Six hundred signatures were necessary for the recall to move forward, but only 298 of the nearly 700 submitted were approved. This has been East Cleveland's third unsuccessful attempt.
Mayor Norton, who's hosting a merger meeting Thursday evening, said that the city's financial woes have made "politics personal," and called the recall effort the latest "episode of East Cleveland theater."
But according to organizer Gerald Strothers, Jr., East Cleveland residents feel as though Norton has turned his back on them.
"They feel that [Norton] sold out the city," Strothers said, in response to a question regarding Norton's latest merger views. "And even though for the longest time they didn't want to believe it, as soon as they open their eyes up, they see it. People are just upset."
Strothers said that he and a small group of activists canvassed door-to-door and visited area businesses to gather signatures.
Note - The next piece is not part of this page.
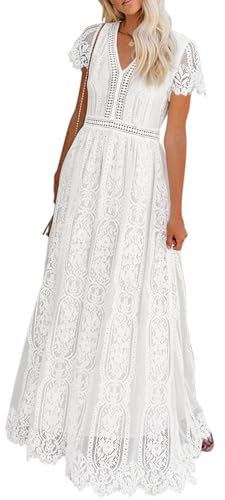MEROKEETY Women's 2026 V Neck Short Sleeve Floral Lace Wedding Dress A Line Boho Bridesmaid Cocktail Party Maxi Dress, White, Medium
He said that the Mayor's fumbling of the Helen Brown senior center, the condition of city streets, and a perception of improper spending were the primary factors in residents' willingness to sign.
"I was at the McDonald's," Strothers told Scene,
"and all I had to do was ask people."
Strothers, who says he'll immediately undertake a fourth attempt to gather signatures for a petition, says it's essential to mobilize the 40-and-under crowd.
"We call them kids in East Cleveland," he said. "And they don't vote. The last time they came out to vote was for Barack Obama."
Asked to characterize how big of an issue the recall and the merger talks are for residents of East Cleveland, Strothers couldn't overstress the importance.
"Oh my God, it's so big," he said. "It's just nuts."
He said residents believe more and more strongly that Norton has orchestrated a behind-the-scenes deal to obtain a position in Cleveland leadership once the merger is complete. Norton's insistence to the contrary — that he'll be poor and jobless but supports a merger for the sake of the city — only strengthens residents' convictions.
"The average person doesn't believe that [he'll be jobless]. And you know
nobody in East Cleveland believes that," Strothers said. "All he has to do, like a bounty hunter, is bring us in. We're wanted, dead or alive."